Volunteers patrol the property in teams of two, combing through the parking lots on foot or by bicycle, or watching from rooftops. But they do not confront criminals. Instead they observe, keeping in constant contact with the volunteer office by radio, then step aside to let security personnel handle suspects. That way, they do not bump heads with criminals or trip up regular mall security.

Volunteers include college and high school students, parents and senior citizens

Volunteers work at least one four-hour shift per week, and as long as the mall is open, the patrol is on duty, said Bunse.

“Their mandate is to be the eyes and ears for the mall; they are very observant people,” said Kathleen Allisen, Surrey Place’s general manager. Besides stemming car theft, they have thwarted shoplifters and helped reunite lost children with their parents.

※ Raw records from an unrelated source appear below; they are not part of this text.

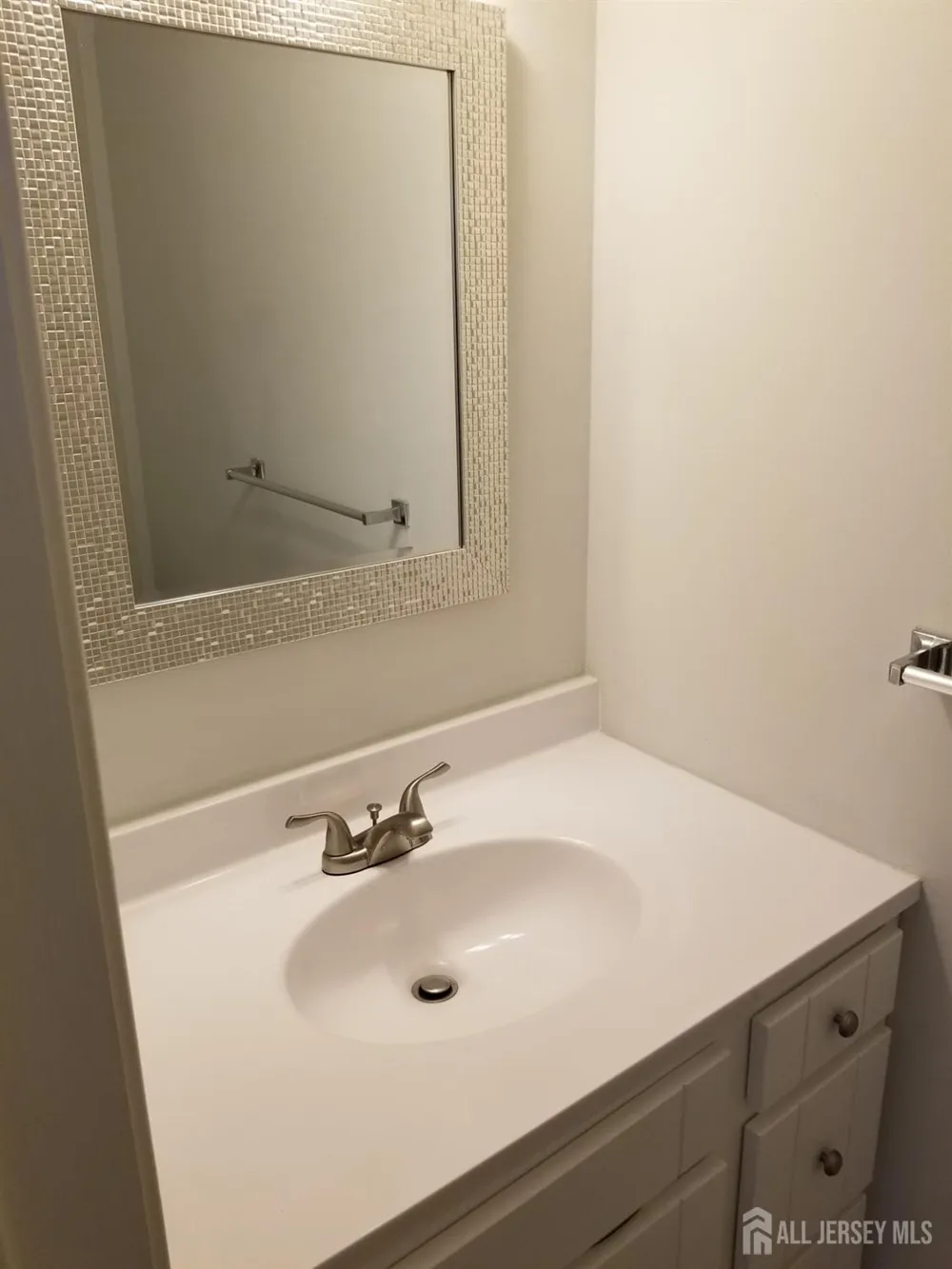 42 E O'Neill Court Lawrence, NJ 08648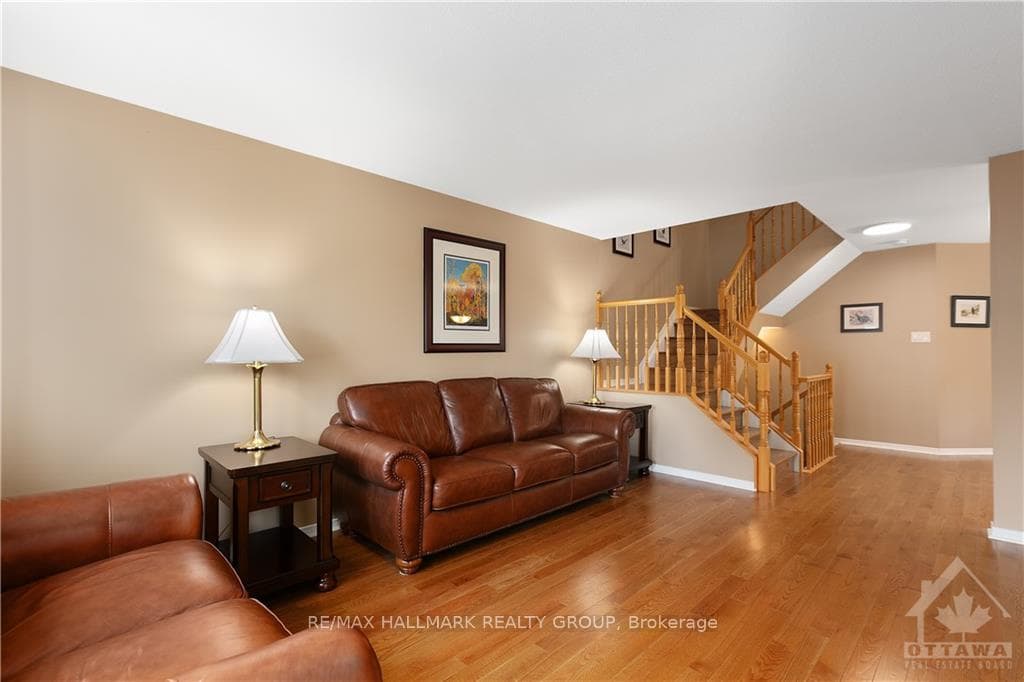 357 STATEWOOD Drive photo 9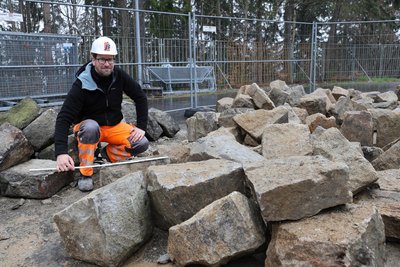 Enrico Stelzer, der auch den Minibagger lenkt, hier bei der Auswahl der passenden Steine. Die wurden für Puzzle nach Größen vorsortiert.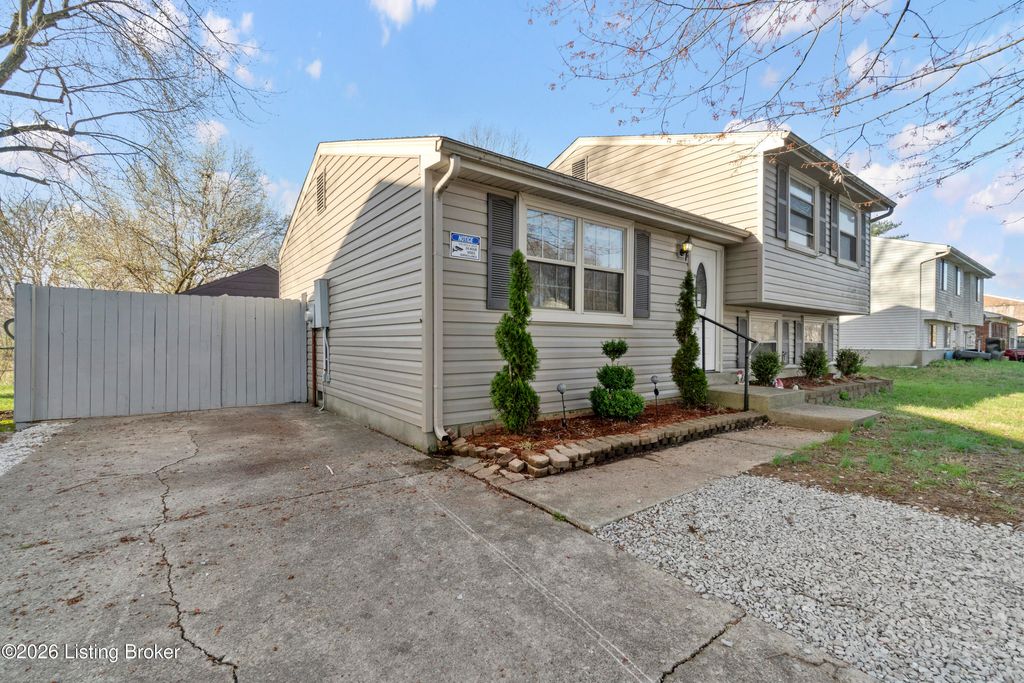 Photo of 5512 Antle Dr, Louisville, KY 40229 (MLS # 1720751)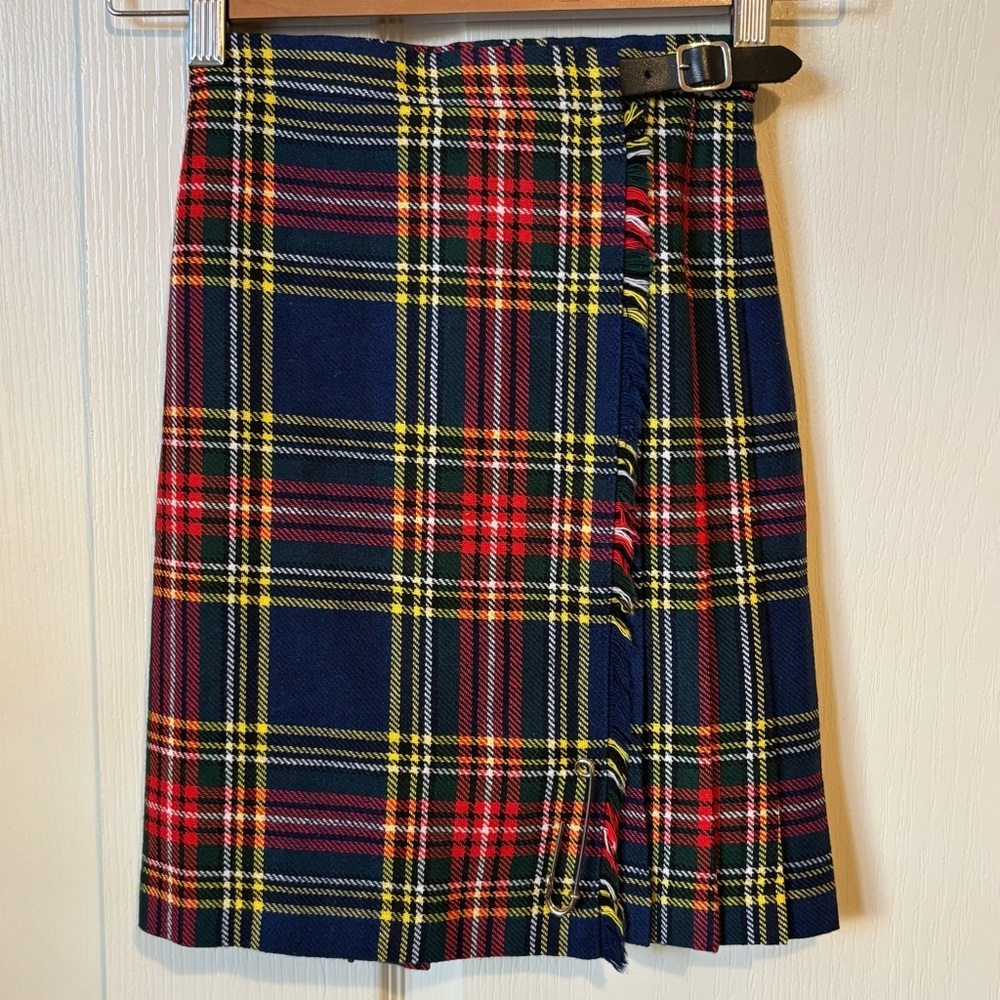 Fiona McDonald Child’s Tartan Kilt Girl’s Size 6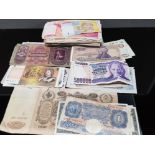 A COLLECTION OF WORLD BANKNOTES IN MIXED CIRCULATED GRADES OVER 200 IN TOTAL
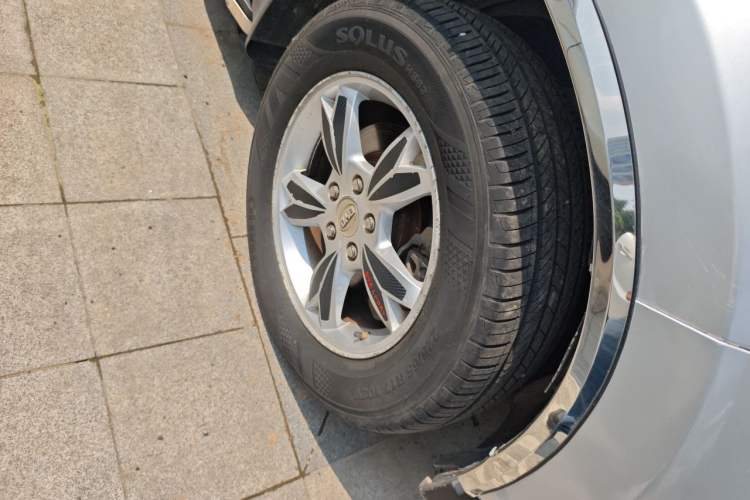 Used BYD S6 2011 2.0L Manual Luxury Edition Right Front Wheel Hub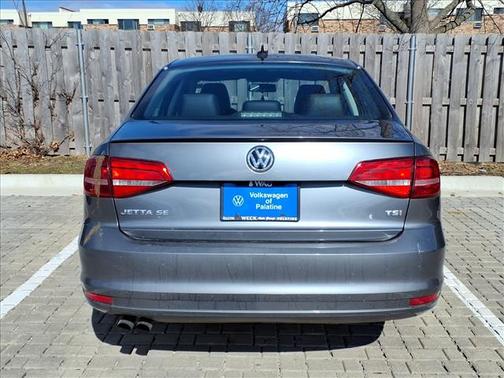 2015 Volkswagen Jetta Auto SE w/Connectivity/Navigation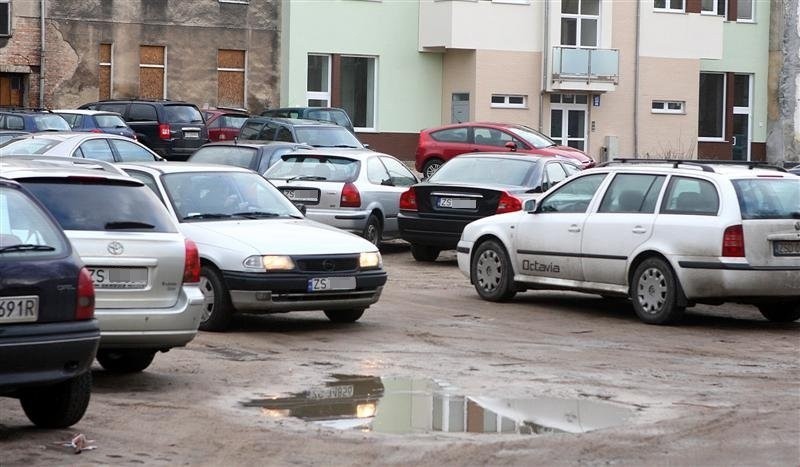 Dziki parking w centrum miasta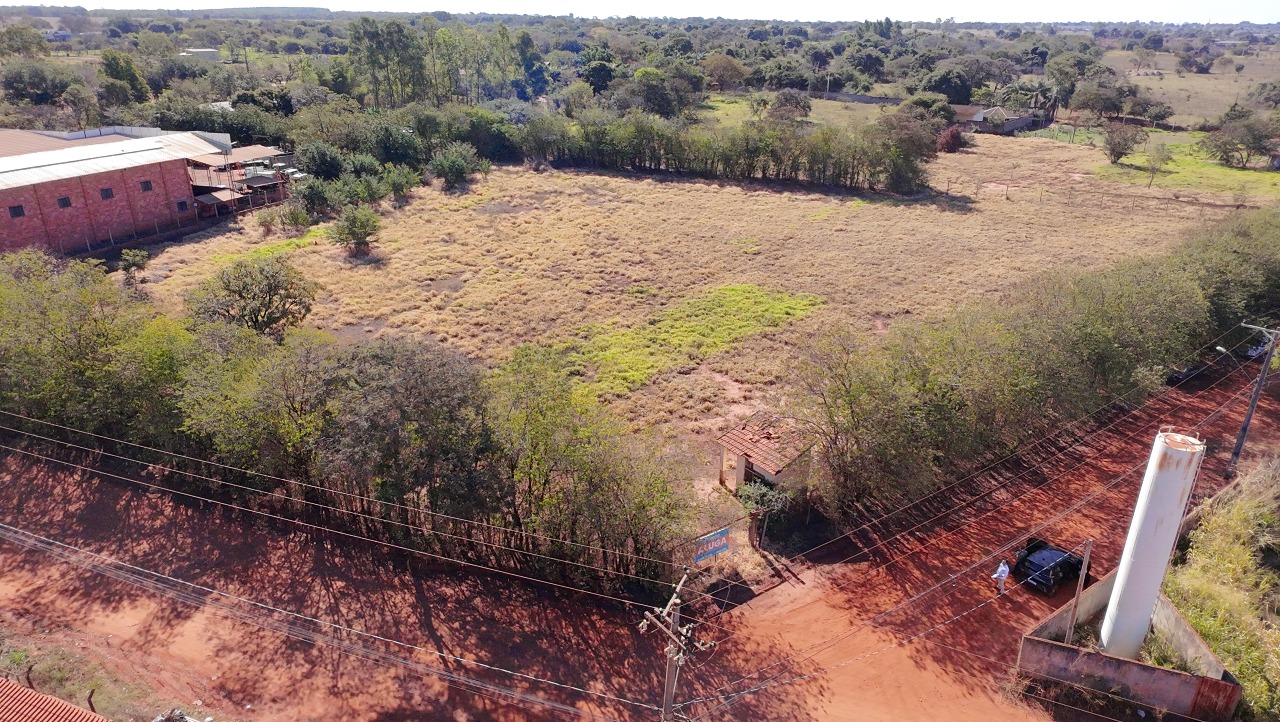 Terreno à venda no Chácara Imperial: 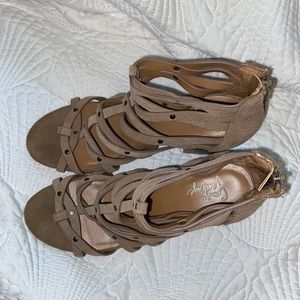 Sandal heels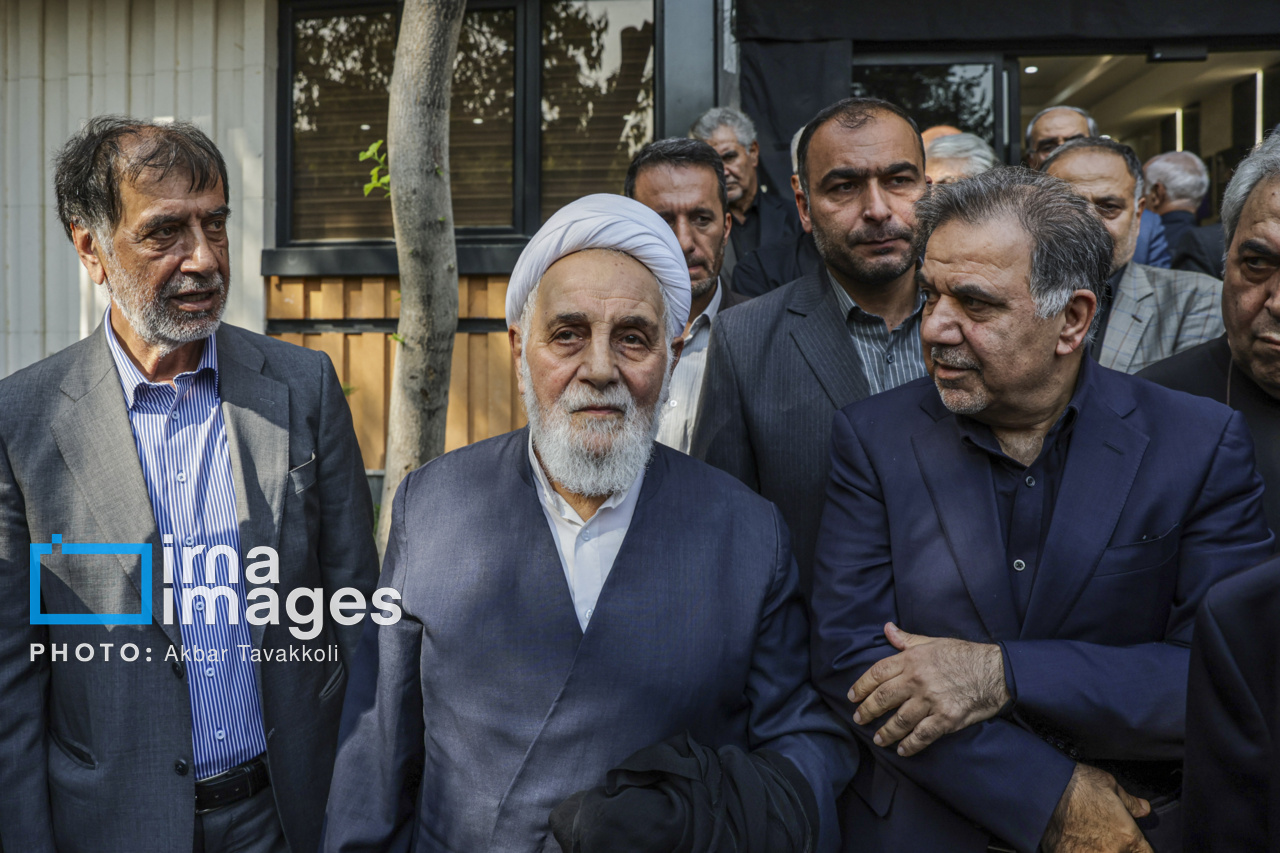 تصاویر: تشییع پیکر زنده یاد «احمد ناطق نوری»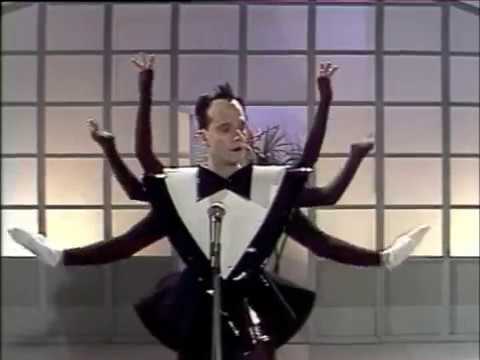 Youtube: Klaus Nomi - Nomi Song 1982 (re-up)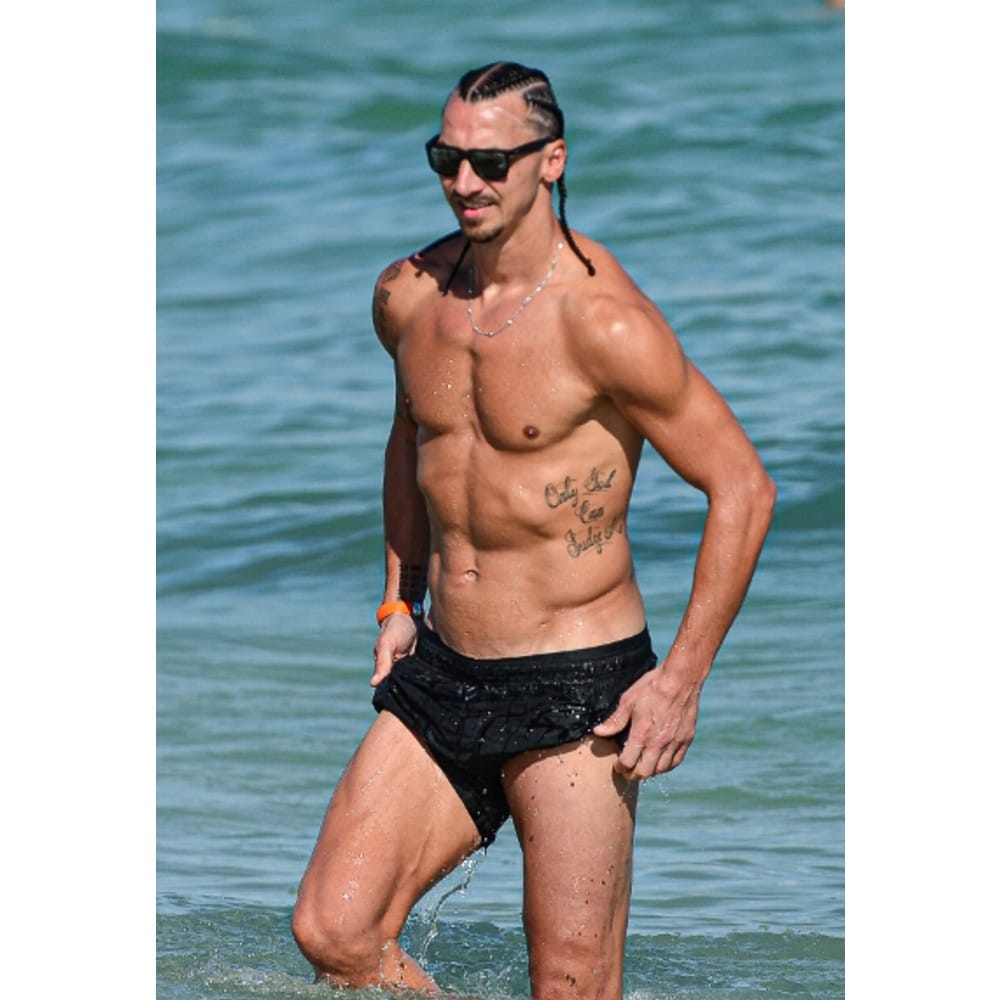 সবচেয়ে বেশি নজর কেড়েছে ইব্রার হেয়ারস্টাইল। সামনের চুল টেনে পিছনে নিয়ে গিয়ে বেণীর মতো ঝুলিয়ে দেওয়া হয়েছে। ম্যাঞ্চেস্টার সিটি তারকা আর্লিং হালান্ডের এমন হেয়ারস্টাইল দেখা যায়। ইব্রাহিমোভিচও সেই এক্সপেরিমেন্ট করলেন।(ছবি:টুইটার)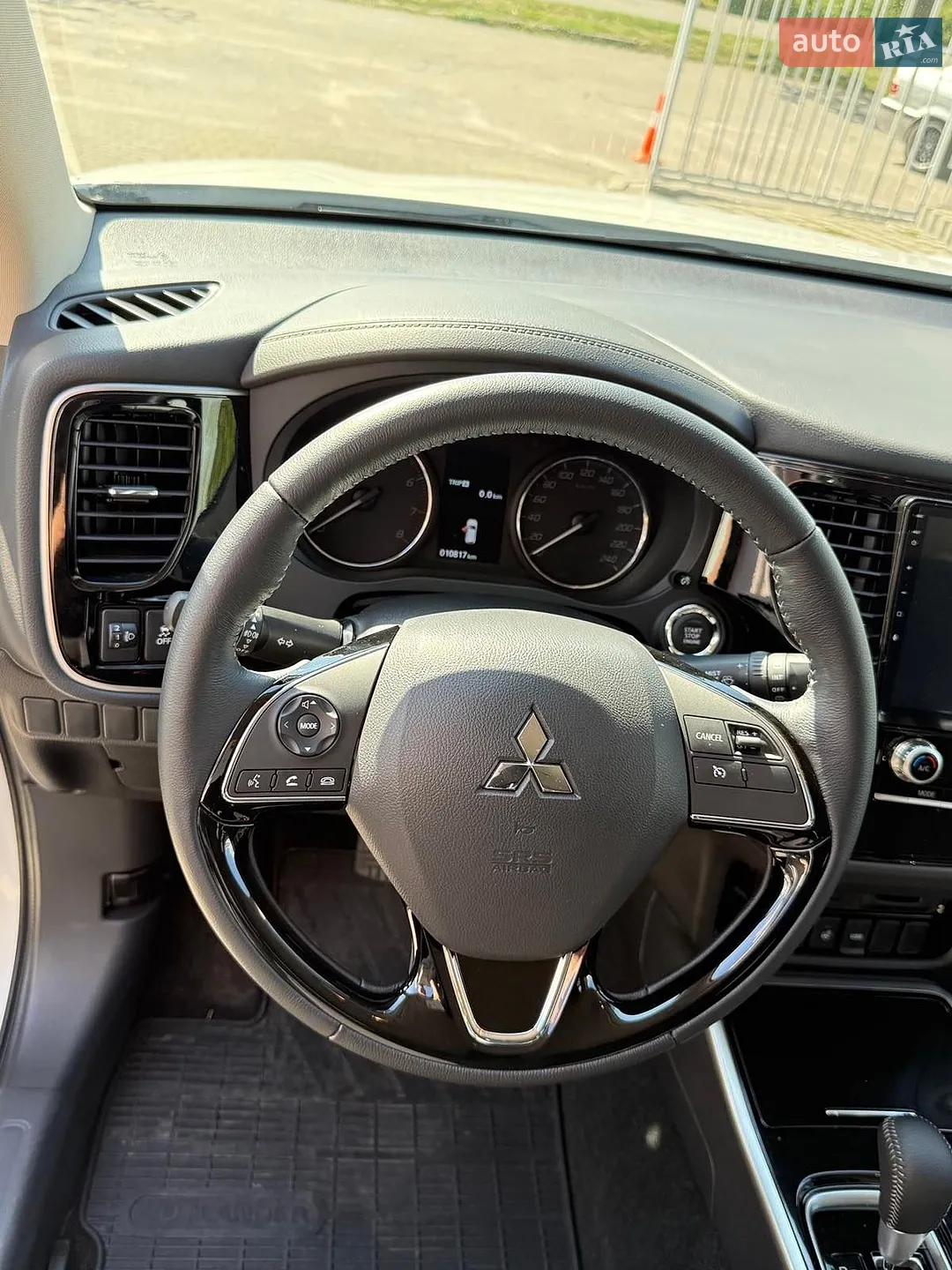 2023 Mitsubishi Outlander - мініатюра 12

The program, combined with seminars on car theft prevention that the mall sponsors, has drawn the mall and its community more tightly together, organizers say.

“Most of our customers are aware of, and appreciate, the program,” said Allisen. “The customers in the Surrey area know the battle that we’re up against.”

There are currently 40 volunteers enrolled, although more than 300 people have passed through the program since 1996. Bunse said that ideally she would like to maintain a force of about 100 volunteers.

Despite its relatively small size, the group has gotten a lot of favorable attention from the authorities. The Royal Canadian Mounted Police, which provides local municipal police services to many communities across Canada, has acknowledged the volunteers with certificates and helped provide training. Mayor Doug McCallum has lauded the program, and last year, when the patrol celebrated its fifth year of operation, Canadian Prime Minister Jean Chrétien sent a letter of congratulations.

“It’s been an excellent program to cut back on the car thefts in parking lots, plus the personal belongings that people happen to leave in their cars,” said McCallum, adding that it has also enhanced relations between the mall, the police and the community.

Now other shopping centers are following Surrey Place’s example. Willowbrook Shopping Centre, in neighboring Langley, B.C., for instance, is launching a similar effort; both malls are managed by Bentall Retail Services, Vancouver.

“We’d love to see the program implemented throughout Surrey and the country,” said Allisen. “We even get calls from centers in Chicago and Toronto to get info on how it’s working and how it runs.”

The program’s costs are minimal, adding up to C$44,000 ($27,816) a year. The mall allots the volunteers a small office with a bit of frontage onto the common area and provides them with two-way radios.

For the owners of the mall, there is an added benefit to the patrol: Surrey Place is owned by ICBC Properties, the real estate division of Insurance Corp. of British Columbia, the provincial government’s Vancouver-based car insurance firm, which each year funds the program. It would have ended up paying for many of the cars the volunteers have saved from thieves.

Licking the crime problem has meshed neatly with a planned major renovation and expansion that will turn Surrey Place into a 1.8 million-square-foot mixed-use development, scheduled for completion in January 2003. Even the center’s name will change, to Central City. Still, Allisen said, the patrol was spurred by crime rates, not the upgrade.